**Task prompt**.
Write out the data exactly as given, dropping every picture.

**Data for this exercise**.
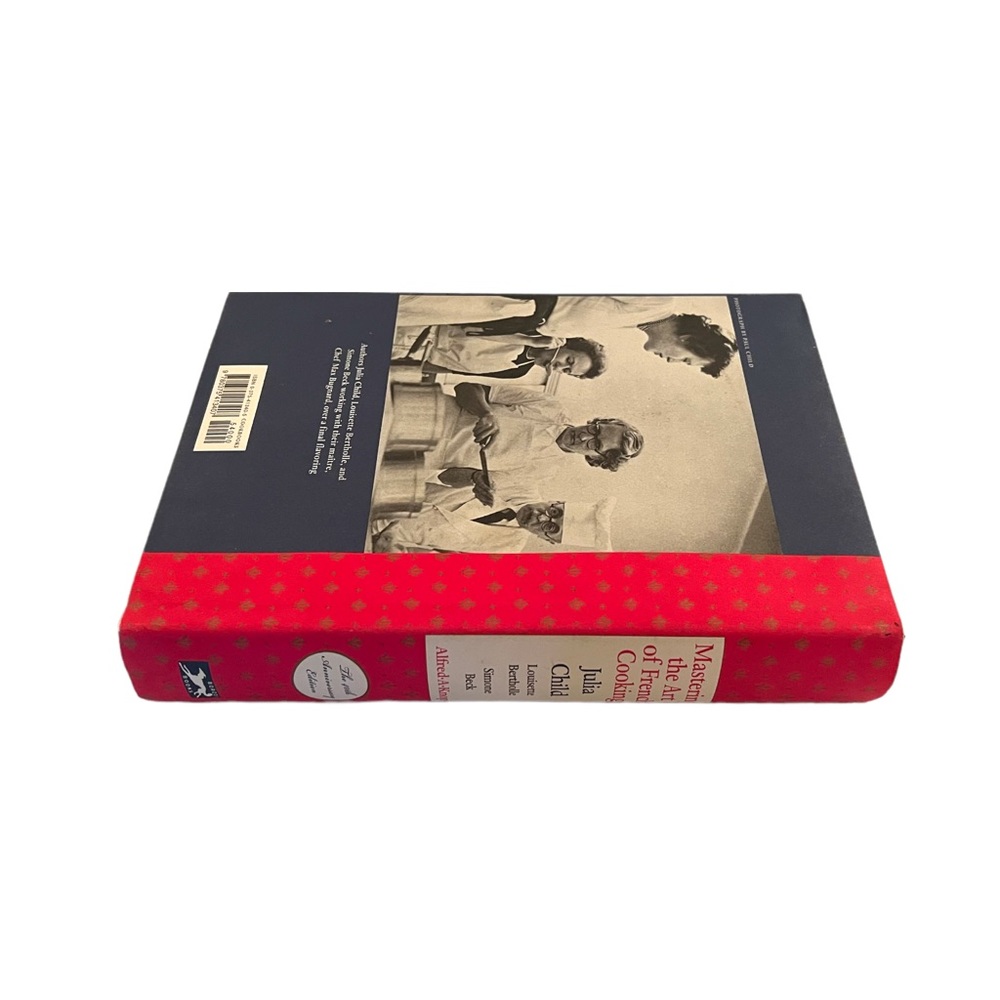 VTG 40th Anniversary Edition Mastering the Art of French Cooking by Julia Child - Picture 4 of 11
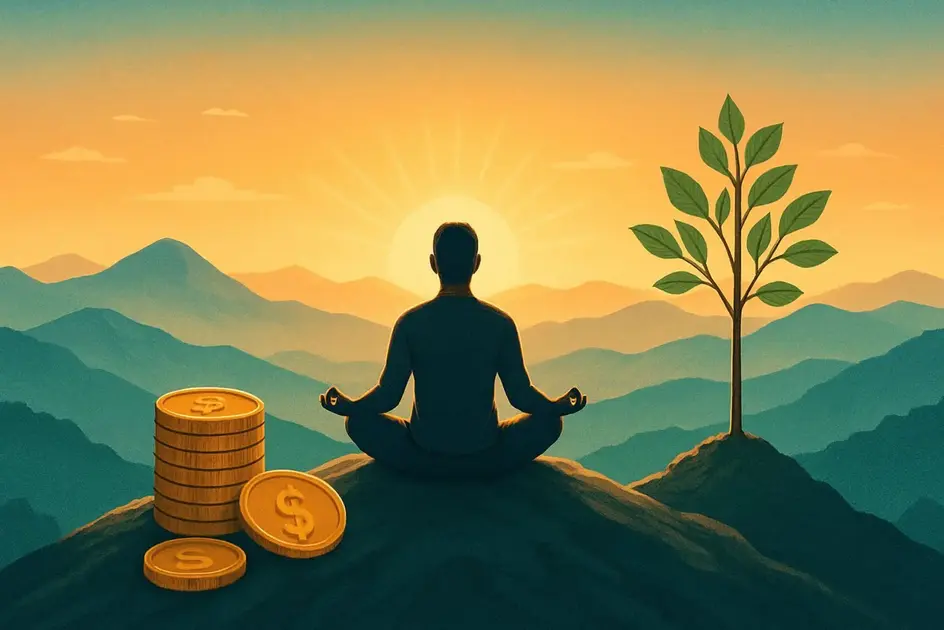 mentalidade financeira de sucesso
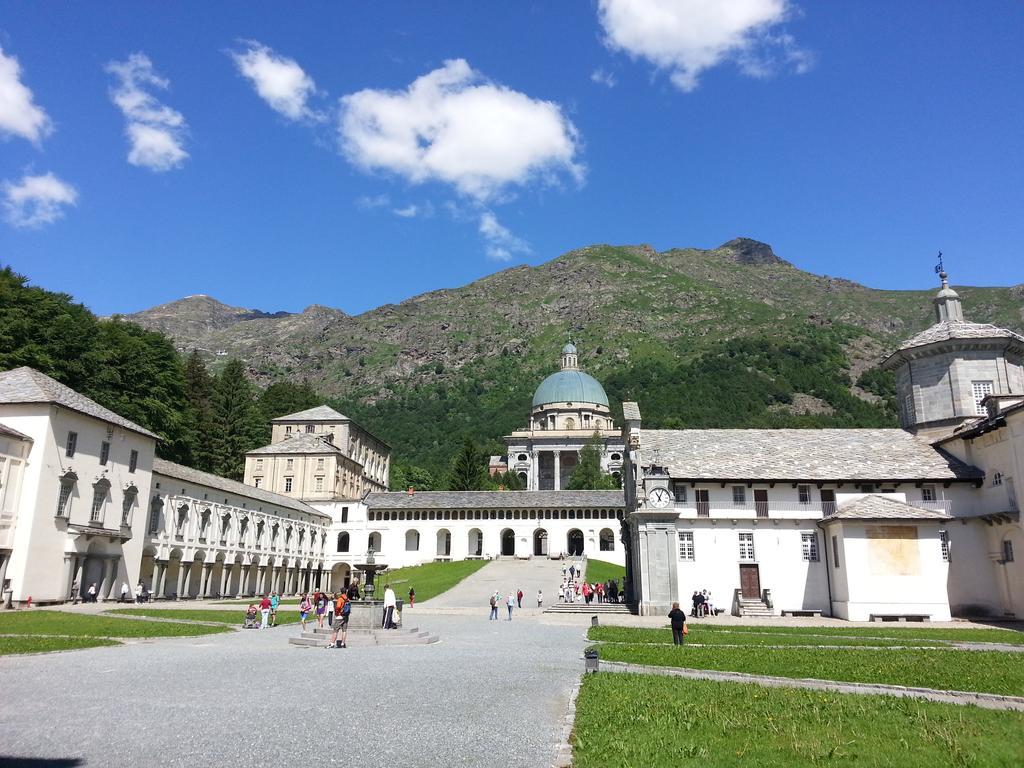 Hostel Santuario Di Oropa Biella Exterior foto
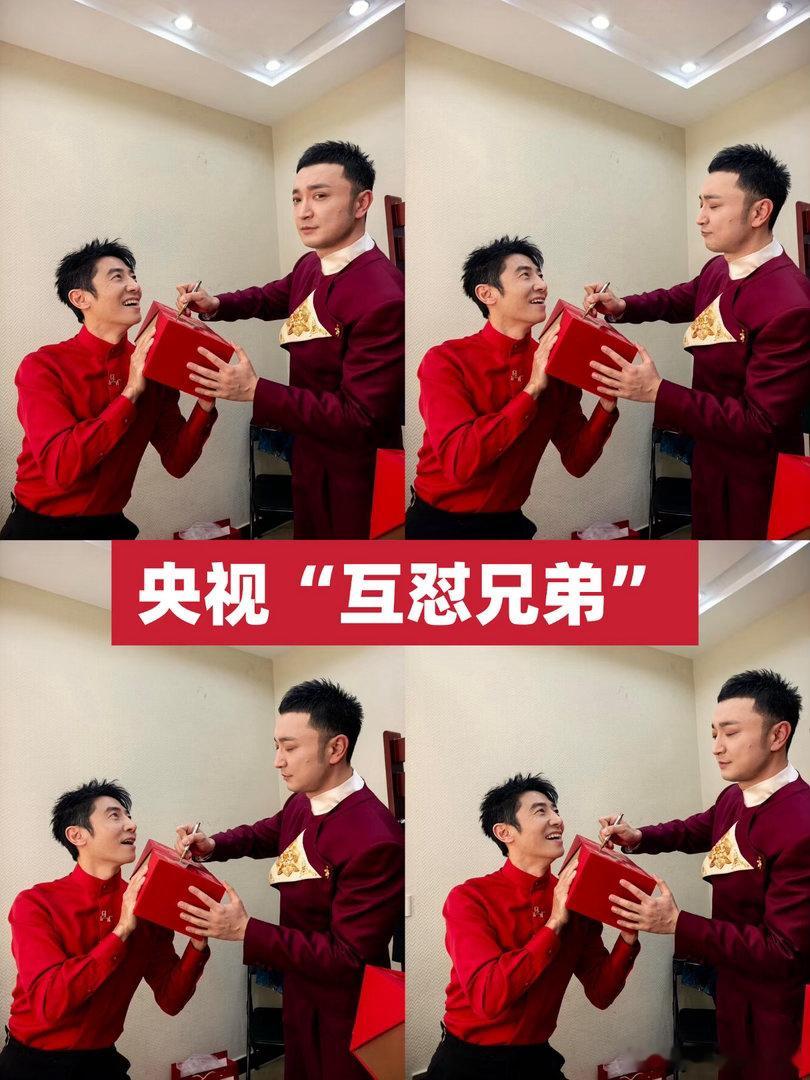 尼格买提撒贝宁节目里打架 能这样毫无顾忌打闹，足以证明两人交情深厚，友谊长存说的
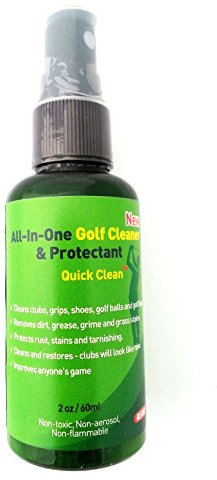 GELOB All in one Golf Cleaner, Golf Bag, Golf Club, Golf Shoes, all types of clubs, irons & drivers, Polish, Lubricant, Stain Remover, Rust Remover, cleaner brush, kit, groove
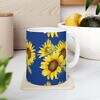 Sunflower Bliss Ceramic Mug – 11oz & 15oz – Brighten Every Sip - Image 6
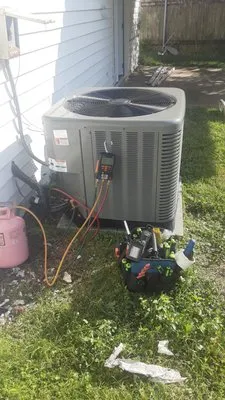 Affordable AC and Heating Logo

**Answer box**.
 VTG 40th Anniversary Edition Mastering the Art of French Cooking by Julia Child - Picture 4 of 11
 mentalidade financeira de sucesso
 Hostel Santuario Di Oropa Biella Exterior foto
 尼格买提撒贝宁节目里打架 能这样毫无顾忌打闹，足以证明两人交情深厚，友谊长存说的
 GELOB All in one Golf Cleaner, Golf Bag, Golf Club, Golf Shoes, all types of clubs, irons & drivers, Polish, Lubricant, Stain Remover, Rust Remover, cleaner brush, kit, groove
 Sunflower Bliss Ceramic Mug – 11oz & 15oz – Brighten Every Sip - Image 6
 Affordable AC and Heating Logo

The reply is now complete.